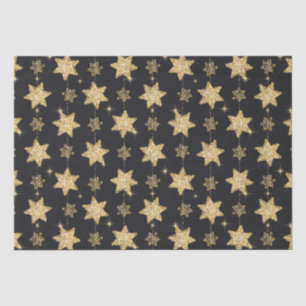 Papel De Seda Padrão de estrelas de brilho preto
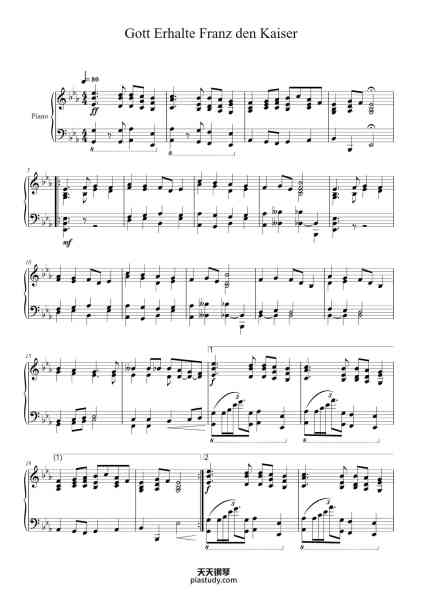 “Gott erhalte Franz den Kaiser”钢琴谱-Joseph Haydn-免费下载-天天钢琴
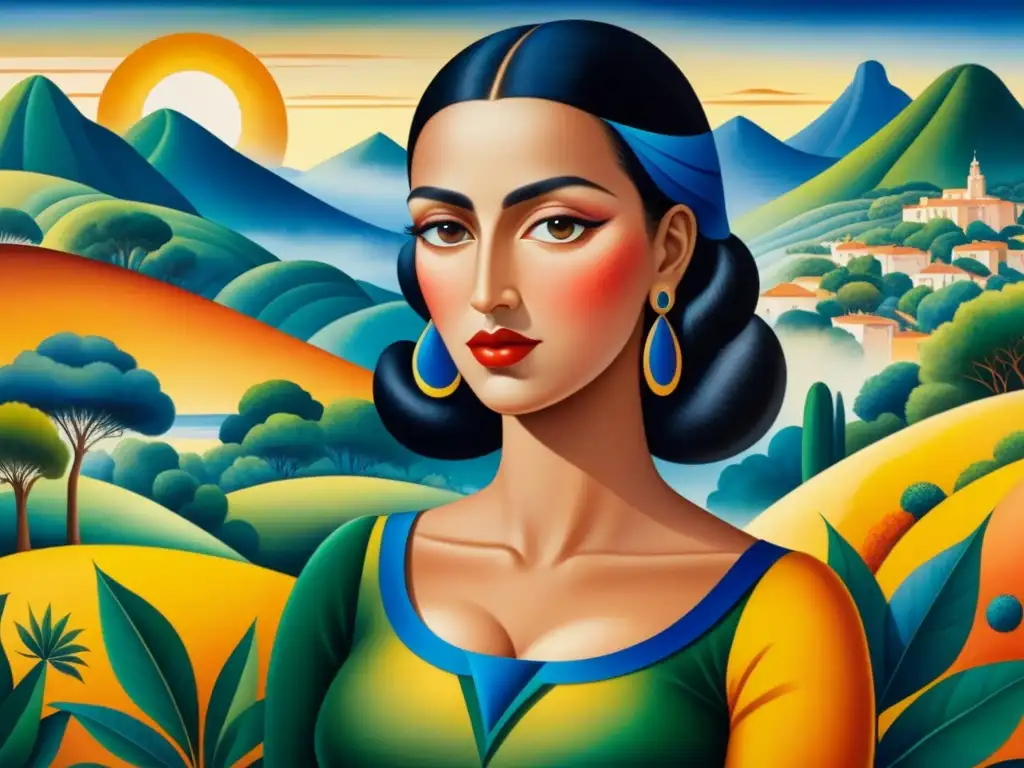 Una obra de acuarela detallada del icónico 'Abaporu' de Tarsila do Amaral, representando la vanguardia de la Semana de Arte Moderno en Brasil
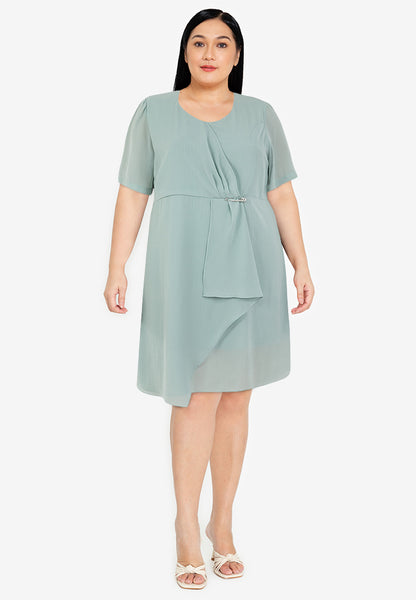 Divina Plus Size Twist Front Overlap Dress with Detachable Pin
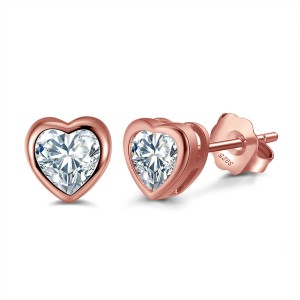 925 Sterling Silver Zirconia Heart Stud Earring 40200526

What this task involves:
Leave out each picture and extract the lines from the one containing "erhalte Franz den" through the end of the records above, inclusive, exactly as they stand.

Reply:
 “Gott erhalte Franz den Kaiser”钢琴谱-Joseph Haydn-免费下载-天天钢琴
 Una obra de acuarela detallada del icónico 'Abaporu' de Tarsila do Amaral, representando la vanguardia de la Semana de Arte Moderno en Brasil
 Divina Plus Size Twist Front Overlap Dress with Detachable Pin
 925 Sterling Silver Zirconia Heart Stud Earring 40200526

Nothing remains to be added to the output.